In contrast to the other enzymes, catalase activity was evaluated indirectly through residual hydrogen peroxide concentration (Figure 10). Accordingly, increased H_2_O_2_ levels correspond to reduced CAT activity, whereas lower H_2_O_2_ concentrations indicate higher enzymatic efficiency. Quantitative analysis revealed that CAT activity decreased significantly (p < 0.05) already at the oral stage of digestion, demonstrating an early digestion-dependent reduction in hydrogen peroxide-degrading capacity.
3.6. Effect on GR and GPx Activities
GR and GPx are another two so-called “antioxidant” enzymes. As shown in Figure 11, similar changes in GR activity increased significantly during digestion (p < 0.05), rising from low levels in undigested soups (approximately 30–80% inhibition, depending on soup type) to peak values at intermediate small-intestinal stages (approximately 45–90%). After bacterial inoculation in the large-intestinal phase, GR activity decreased (to roughly 20–50%), followed by a partial recovery toward the end of digestion. All undigested soups exhibited the lowest GPx activity (approximately 0–35%; Figure 12). A statistically significant increase in GPx activity (p < 0.05) was observed from the oral phase onward, reaching about 5–20% for mushroom and leek soups and up to ~25–30% for sea buckthorn soup during digestion. The exception was sea buckthorn soup at the final large-intestinal stage, where GPx activity decreased significantly. Notably, although undigested asparagus soup showed significantly lower GPx activity than the other soups, digestion led to values comparable to mushroom and leek soups and significantly higher than those of sea buckthorn soup (p < 0.05). Overall, these quantitative and statistically supported trends demonstrate digestion-dependent modulation of endogenous antioxidant enzyme activity, indicating that in vitro digestion provides a more physiologically relevant assessment of soup bioactivity than analysis of undigested products alone.

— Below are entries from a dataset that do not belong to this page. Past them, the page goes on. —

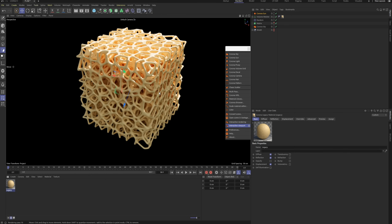And that's the entire workflow for creating a foam skeleton structure. If you have any questions, leave them in the comments below. I'll do my best to help. Thanks for watching, and I'll see you in the next video.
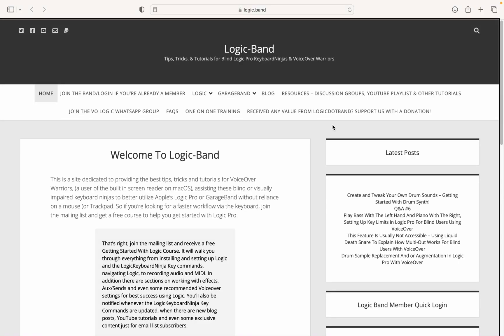What's going on, VoiceOver Warriors and Keyboard Ninjas, welcome back to Logic.Band. If this is your first time here, this is a place to be if you want to get better at using Logic Pro with VoiceOver and get more familiar with macOS and the process.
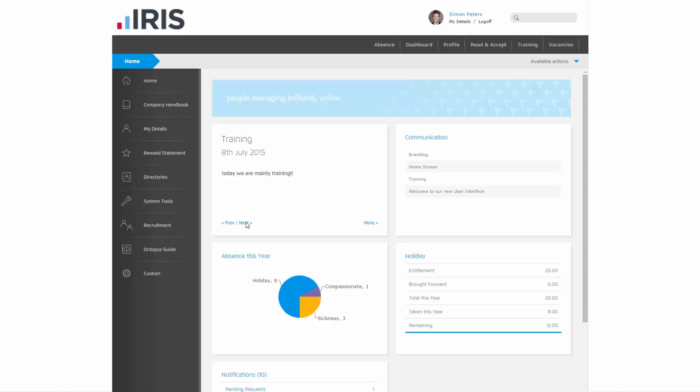If your system has been set up to enable you to see your absence details, you will be presented with this pie chart that summarizes the number of days for each type of absence you have taken off so far in this company absence year.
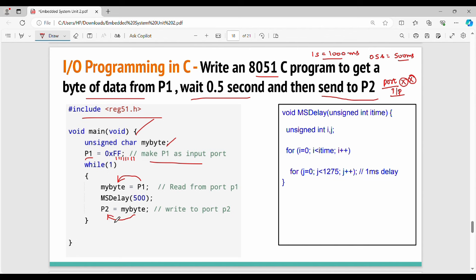To clarify port initialization: by default, ports have a value of 0xFF. Output ports are not output by default — their default value is 0xFF. Similarly, input ports need to be initialized. It is actually simple: if you assign a variable to a port or put a variable in a port, you can then apply a delay.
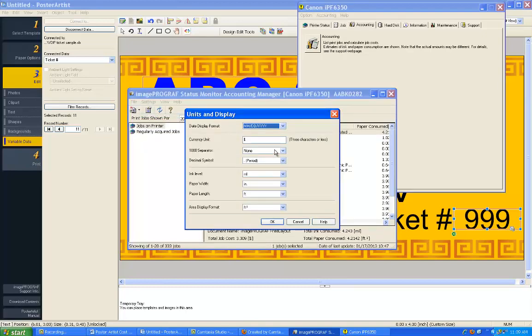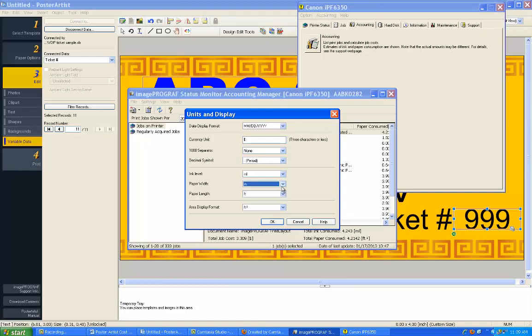Select your preferences for the month, day, year, the ink level, the paper width in inches, the paper length in feet, and the displayed format of the area.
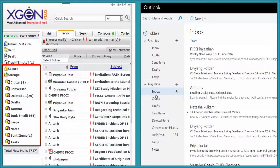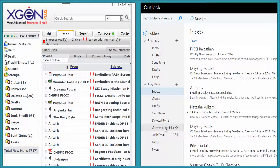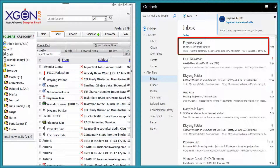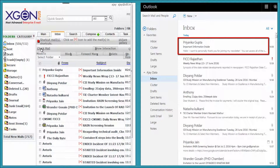You can now see all the Outlook folders configured within your XGen Plus account. Any new mail received in your Office 365 account will simultaneously be received in your XGen Plus account.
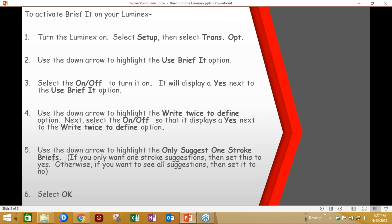Use the down arrow to highlight the Write Twice to Define option. Next, select the On-Off so that it displays a Yes next to the Write Twice to Define option. Use the down arrow to highlight the Only Suggest one-stroke briefs. If you only want one-stroke suggestions, then set this to Yes. Otherwise, if you want to see all the suggestions, then set it to No.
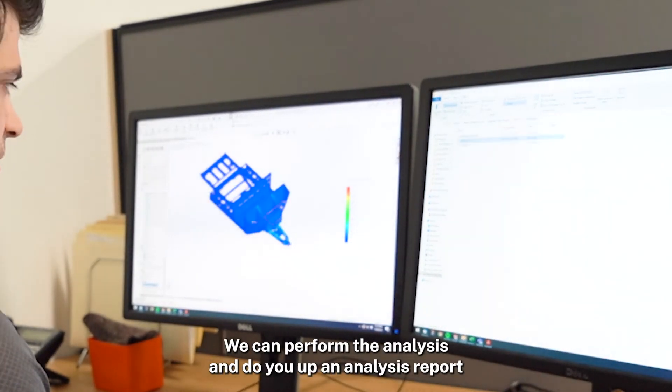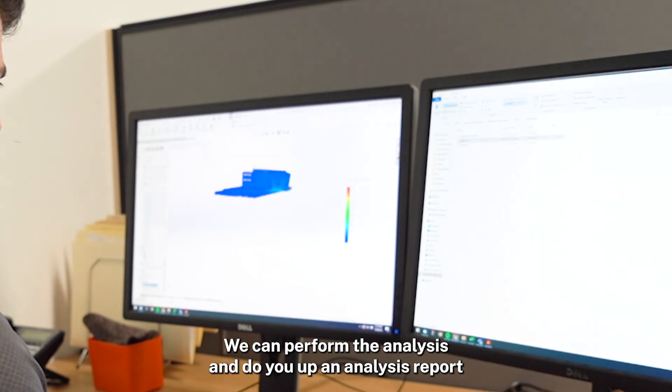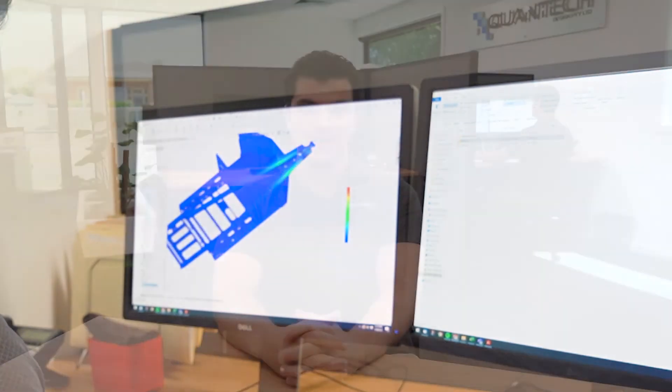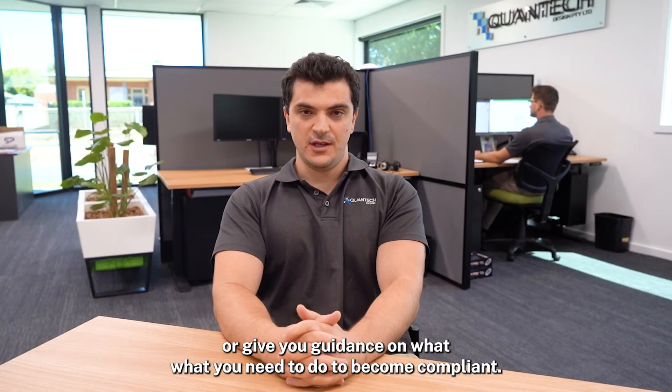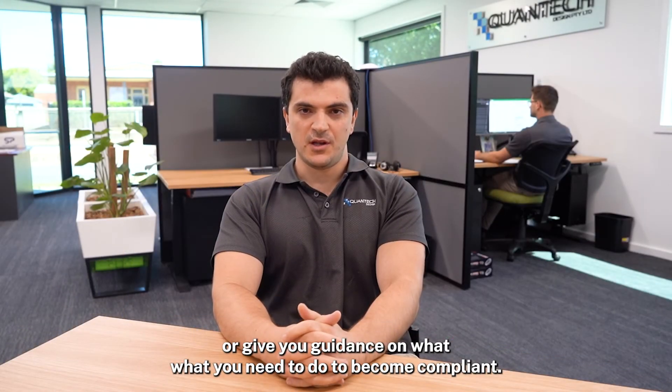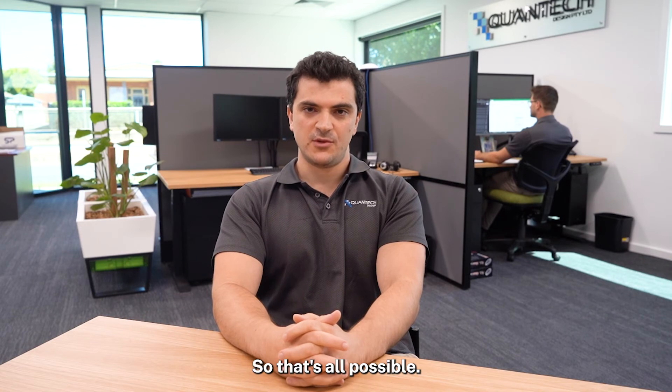We can perform the analysis and do you up an analysis report or give you guidance on what you need to do to become compliant. So that's all possible.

3.7. Effect on COX-2 Activity
COX-2 activity should be monitored due to its pro-inflammatory properties in the tissues. It can be seen (Figure 13) that early digestion stages (undigested, oral, and gastric phases) were associated with relatively low COX-2 inhibitory activity in mushroom, asparagus, and sea buckthorn soups (approximately 4–7 mg acetylsalicylic acid equivalents/cm^3^), with statistically significant reductions observed compared to later stages (p < 0.05), while leek soup showed no significant early-stage change. During subsequent digestion, COX-2 inhibitory activity increased, reaching approximately 10–13 mg/cm^3^ at the final stages in mushroom, asparagus, and sea buckthorn soups (p < 0.05). In leek soup, inhibition rose from about 4 mg/cm^3^ in early digestion to approximately 9 mg/cm^3^ at intermediate intestinal stages, followed by a significant decline at the end of digestion (p < 0.05). Overall, these quantitative and statistically supported changes demonstrate digestion-dependent modulation of COX-2 inhibition, reflecting dynamic variation in the anti-inflammatory potential of the soups during gastrointestinal processing.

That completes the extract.